Restate the records underneath, keeping each one exactly the same.

(Records from a collection)
==========
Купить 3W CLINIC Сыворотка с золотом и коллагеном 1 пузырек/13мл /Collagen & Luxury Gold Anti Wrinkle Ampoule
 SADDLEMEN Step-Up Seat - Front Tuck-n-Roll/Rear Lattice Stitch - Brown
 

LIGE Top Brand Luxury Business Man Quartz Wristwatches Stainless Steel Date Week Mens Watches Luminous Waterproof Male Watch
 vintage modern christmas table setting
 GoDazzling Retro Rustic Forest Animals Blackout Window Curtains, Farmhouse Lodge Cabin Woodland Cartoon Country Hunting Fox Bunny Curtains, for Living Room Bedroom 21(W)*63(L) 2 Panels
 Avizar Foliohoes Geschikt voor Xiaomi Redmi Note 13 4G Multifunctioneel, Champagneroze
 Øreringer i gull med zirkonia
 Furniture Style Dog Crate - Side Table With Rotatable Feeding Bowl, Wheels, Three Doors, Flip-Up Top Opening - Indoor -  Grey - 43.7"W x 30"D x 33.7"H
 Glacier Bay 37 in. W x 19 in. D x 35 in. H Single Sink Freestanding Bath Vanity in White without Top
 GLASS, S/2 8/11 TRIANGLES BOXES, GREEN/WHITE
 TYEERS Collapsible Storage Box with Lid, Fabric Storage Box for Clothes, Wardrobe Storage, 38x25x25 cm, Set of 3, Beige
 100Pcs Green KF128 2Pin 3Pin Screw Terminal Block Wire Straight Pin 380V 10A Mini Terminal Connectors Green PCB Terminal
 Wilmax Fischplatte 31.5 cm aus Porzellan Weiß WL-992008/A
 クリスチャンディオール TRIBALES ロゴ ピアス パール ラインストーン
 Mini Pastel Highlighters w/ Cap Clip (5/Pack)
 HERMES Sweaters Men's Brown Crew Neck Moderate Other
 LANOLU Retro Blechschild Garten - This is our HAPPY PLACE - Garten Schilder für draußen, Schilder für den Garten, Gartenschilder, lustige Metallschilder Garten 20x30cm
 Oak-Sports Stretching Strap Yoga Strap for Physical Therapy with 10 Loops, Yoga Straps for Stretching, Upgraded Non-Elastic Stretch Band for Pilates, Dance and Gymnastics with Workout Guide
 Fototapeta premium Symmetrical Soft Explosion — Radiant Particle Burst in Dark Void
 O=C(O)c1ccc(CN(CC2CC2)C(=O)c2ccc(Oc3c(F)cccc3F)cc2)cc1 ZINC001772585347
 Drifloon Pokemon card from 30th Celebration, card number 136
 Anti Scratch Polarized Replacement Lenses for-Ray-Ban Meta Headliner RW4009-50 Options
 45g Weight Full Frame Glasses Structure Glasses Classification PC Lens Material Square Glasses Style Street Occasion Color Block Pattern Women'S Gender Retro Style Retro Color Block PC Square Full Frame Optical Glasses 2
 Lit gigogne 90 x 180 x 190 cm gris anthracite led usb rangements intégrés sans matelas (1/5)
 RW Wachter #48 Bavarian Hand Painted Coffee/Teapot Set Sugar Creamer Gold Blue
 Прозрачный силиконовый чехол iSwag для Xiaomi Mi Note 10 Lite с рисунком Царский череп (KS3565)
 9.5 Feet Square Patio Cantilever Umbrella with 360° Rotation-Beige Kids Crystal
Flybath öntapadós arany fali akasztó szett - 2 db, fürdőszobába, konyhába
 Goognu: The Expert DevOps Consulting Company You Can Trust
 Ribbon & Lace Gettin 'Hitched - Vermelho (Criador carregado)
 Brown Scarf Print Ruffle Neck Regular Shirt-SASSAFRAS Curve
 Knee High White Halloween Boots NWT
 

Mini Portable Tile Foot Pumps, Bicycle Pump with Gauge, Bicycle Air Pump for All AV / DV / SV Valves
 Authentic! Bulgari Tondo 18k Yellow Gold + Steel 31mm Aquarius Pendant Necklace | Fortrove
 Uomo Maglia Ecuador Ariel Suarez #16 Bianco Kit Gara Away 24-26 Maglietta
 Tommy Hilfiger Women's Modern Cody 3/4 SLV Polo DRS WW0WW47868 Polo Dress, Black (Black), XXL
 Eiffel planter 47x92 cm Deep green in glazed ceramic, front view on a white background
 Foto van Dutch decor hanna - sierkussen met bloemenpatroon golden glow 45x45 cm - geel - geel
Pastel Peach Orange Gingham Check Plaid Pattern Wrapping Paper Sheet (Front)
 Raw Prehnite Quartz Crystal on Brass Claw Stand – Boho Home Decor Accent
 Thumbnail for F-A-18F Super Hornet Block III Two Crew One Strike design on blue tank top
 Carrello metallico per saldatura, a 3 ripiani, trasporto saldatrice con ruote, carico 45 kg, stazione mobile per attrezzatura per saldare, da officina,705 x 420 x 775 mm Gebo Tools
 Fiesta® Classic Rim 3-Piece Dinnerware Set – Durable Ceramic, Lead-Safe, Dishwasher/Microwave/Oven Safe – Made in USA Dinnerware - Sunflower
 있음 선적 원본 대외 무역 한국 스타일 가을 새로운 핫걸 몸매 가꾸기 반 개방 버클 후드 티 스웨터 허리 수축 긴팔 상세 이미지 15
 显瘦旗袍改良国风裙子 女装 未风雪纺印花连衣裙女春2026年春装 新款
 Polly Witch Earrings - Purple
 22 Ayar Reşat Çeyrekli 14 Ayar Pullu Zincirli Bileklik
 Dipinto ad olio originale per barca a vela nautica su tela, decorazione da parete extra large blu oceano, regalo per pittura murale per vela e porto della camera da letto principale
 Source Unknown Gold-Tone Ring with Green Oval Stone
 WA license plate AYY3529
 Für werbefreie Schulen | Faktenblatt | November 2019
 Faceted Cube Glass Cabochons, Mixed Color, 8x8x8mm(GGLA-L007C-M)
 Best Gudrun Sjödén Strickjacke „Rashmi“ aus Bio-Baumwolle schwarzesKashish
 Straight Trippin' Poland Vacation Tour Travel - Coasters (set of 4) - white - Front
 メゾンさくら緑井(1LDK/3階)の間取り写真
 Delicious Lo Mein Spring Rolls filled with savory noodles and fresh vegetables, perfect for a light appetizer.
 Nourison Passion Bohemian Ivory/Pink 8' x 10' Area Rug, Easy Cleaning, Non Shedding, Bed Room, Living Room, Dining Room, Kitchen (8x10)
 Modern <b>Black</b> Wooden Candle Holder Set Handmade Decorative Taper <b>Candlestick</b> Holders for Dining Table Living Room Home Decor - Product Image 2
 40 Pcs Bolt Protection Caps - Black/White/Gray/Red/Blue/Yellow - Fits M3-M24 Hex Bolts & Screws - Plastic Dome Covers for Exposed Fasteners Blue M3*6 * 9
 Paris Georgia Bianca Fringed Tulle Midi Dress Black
==========
TASK RESULT
Купить 3W CLINIC Сыворотка с золотом и коллагеном 1 пузырек/13мл /Collagen & Luxury Gold Anti Wrinkle Ampoule
 SADDLEMEN Step-Up Seat - Front Tuck-n-Roll/Rear Lattice Stitch - Brown
 

LIGE Top Brand Luxury Business Man Quartz Wristwatches Stainless Steel Date Week Mens Watches Luminous Waterproof Male Watch
 vintage modern christmas table setting
 GoDazzling Retro Rustic Forest Animals Blackout Window Curtains, Farmhouse Lodge Cabin Woodland Cartoon Country Hunting Fox Bunny Curtains, for Living Room Bedroom 21(W)*63(L) 2 Panels
 Avizar Foliohoes Geschikt voor Xiaomi Redmi Note 13 4G Multifunctioneel, Champagneroze
 Øreringer i gull med zirkonia
 Furniture Style Dog Crate - Side Table With Rotatable Feeding Bowl, Wheels, Three Doors, Flip-Up Top Opening - Indoor -  Grey - 43.7"W x 30"D x 33.7"H
 Glacier Bay 37 in. W x 19 in. D x 35 in. H Single Sink Freestanding Bath Vanity in White without Top
 GLASS, S/2 8/11 TRIANGLES BOXES, GREEN/WHITE
 TYEERS Collapsible Storage Box with Lid, Fabric Storage Box for Clothes, Wardrobe Storage, 38x25x25 cm, Set of 3, Beige
 100Pcs Green KF128 2Pin 3Pin Screw Terminal Block Wire Straight Pin 380V 10A Mini Terminal Connectors Green PCB Terminal
 Wilmax Fischplatte 31.5 cm aus Porzellan Weiß WL-992008/A
 クリスチャンディオール TRIBALES ロゴ ピアス パール ラインストーン
 Mini Pastel Highlighters w/ Cap Clip (5/Pack)
 HERMES Sweaters Men's Brown Crew Neck Moderate Other
 LANOLU Retro Blechschild Garten - This is our HAPPY PLACE - Garten Schilder für draußen, Schilder für den Garten, Gartenschilder, lustige Metallschilder Garten 20x30cm
 Oak-Sports Stretching Strap Yoga Strap for Physical Therapy with 10 Loops, Yoga Straps for Stretching, Upgraded Non-Elastic Stretch Band for Pilates, Dance and Gymnastics with Workout Guide
 Fototapeta premium Symmetrical Soft Explosion — Radiant Particle Burst in Dark Void
 O=C(O)c1ccc(CN(CC2CC2)C(=O)c2ccc(Oc3c(F)cccc3F)cc2)cc1 ZINC001772585347
 Drifloon Pokemon card from 30th Celebration, card number 136
 Anti Scratch Polarized Replacement Lenses for-Ray-Ban Meta Headliner RW4009-50 Options
 45g Weight Full Frame Glasses Structure Glasses Classification PC Lens Material Square Glasses Style Street Occasion Color Block Pattern Women'S Gender Retro Style Retro Color Block PC Square Full Frame Optical Glasses 2
 Lit gigogne 90 x 180 x 190 cm gris anthracite led usb rangements intégrés sans matelas (1/5)
 RW Wachter #48 Bavarian Hand Painted Coffee/Teapot Set Sugar Creamer Gold Blue
 Прозрачный силиконовый чехол iSwag для Xiaomi Mi Note 10 Lite с рисунком Царский череп (KS3565)
 9.5 Feet Square Patio Cantilever Umbrella with 360° Rotation-Beige Kids Crystal
Flybath öntapadós arany fali akasztó szett - 2 db, fürdőszobába, konyhába
 Goognu: The Expert DevOps Consulting Company You Can Trust
 Ribbon & Lace Gettin 'Hitched - Vermelho (Criador carregado)
 Brown Scarf Print Ruffle Neck Regular Shirt-SASSAFRAS Curve
 Knee High White Halloween Boots NWT
 

Mini Portable Tile Foot Pumps, Bicycle Pump with Gauge, Bicycle Air Pump for All AV / DV / SV Valves
 Authentic! Bulgari Tondo 18k Yellow Gold + Steel 31mm Aquarius Pendant Necklace | Fortrove
 Uomo Maglia Ecuador Ariel Suarez #16 Bianco Kit Gara Away 24-26 Maglietta
 Tommy Hilfiger Women's Modern Cody 3/4 SLV Polo DRS WW0WW47868 Polo Dress, Black (Black), XXL
 Eiffel planter 47x92 cm Deep green in glazed ceramic, front view on a white background
 Foto van Dutch decor hanna - sierkussen met bloemenpatroon golden glow 45x45 cm - geel - geel
Pastel Peach Orange Gingham Check Plaid Pattern Wrapping Paper Sheet (Front)
 Raw Prehnite Quartz Crystal on Brass Claw Stand – Boho Home Decor Accent
 Thumbnail for F-A-18F Super Hornet Block III Two Crew One Strike design on blue tank top
 Carrello metallico per saldatura, a 3 ripiani, trasporto saldatrice con ruote, carico 45 kg, stazione mobile per attrezzatura per saldare, da officina,705 x 420 x 775 mm Gebo Tools
 Fiesta® Classic Rim 3-Piece Dinnerware Set – Durable Ceramic, Lead-Safe, Dishwasher/Microwave/Oven Safe – Made in USA Dinnerware - Sunflower
 있음 선적 원본 대외 무역 한국 스타일 가을 새로운 핫걸 몸매 가꾸기 반 개방 버클 후드 티 스웨터 허리 수축 긴팔 상세 이미지 15
 显瘦旗袍改良国风裙子 女装 未风雪纺印花连衣裙女春2026年春装 新款
 Polly Witch Earrings - Purple
 22 Ayar Reşat Çeyrekli 14 Ayar Pullu Zincirli Bileklik
 Dipinto ad olio originale per barca a vela nautica su tela, decorazione da parete extra large blu oceano, regalo per pittura murale per vela e porto della camera da letto principale
 Source Unknown Gold-Tone Ring with Green Oval Stone
 WA license plate AYY3529
 Für werbefreie Schulen | Faktenblatt | November 2019
 Faceted Cube Glass Cabochons, Mixed Color, 8x8x8mm(GGLA-L007C-M)
 Best Gudrun Sjödén Strickjacke „Rashmi“ aus Bio-Baumwolle schwarzesKashish
 Straight Trippin' Poland Vacation Tour Travel - Coasters (set of 4) - white - Front
 メゾンさくら緑井(1LDK/3階)の間取り写真
 Delicious Lo Mein Spring Rolls filled with savory noodles and fresh vegetables, perfect for a light appetizer.
 Nourison Passion Bohemian Ivory/Pink 8' x 10' Area Rug, Easy Cleaning, Non Shedding, Bed Room, Living Room, Dining Room, Kitchen (8x10)
 Modern <b>Black</b> Wooden Candle Holder Set Handmade Decorative Taper <b>Candlestick</b> Holders for Dining Table Living Room Home Decor - Product Image 2
 40 Pcs Bolt Protection Caps - Black/White/Gray/Red/Blue/Yellow - Fits M3-M24 Hex Bolts & Screws - Plastic Dome Covers for Exposed Fasteners Blue M3*6 * 9
 Paris Georgia Bianca Fringed Tulle Midi Dress Black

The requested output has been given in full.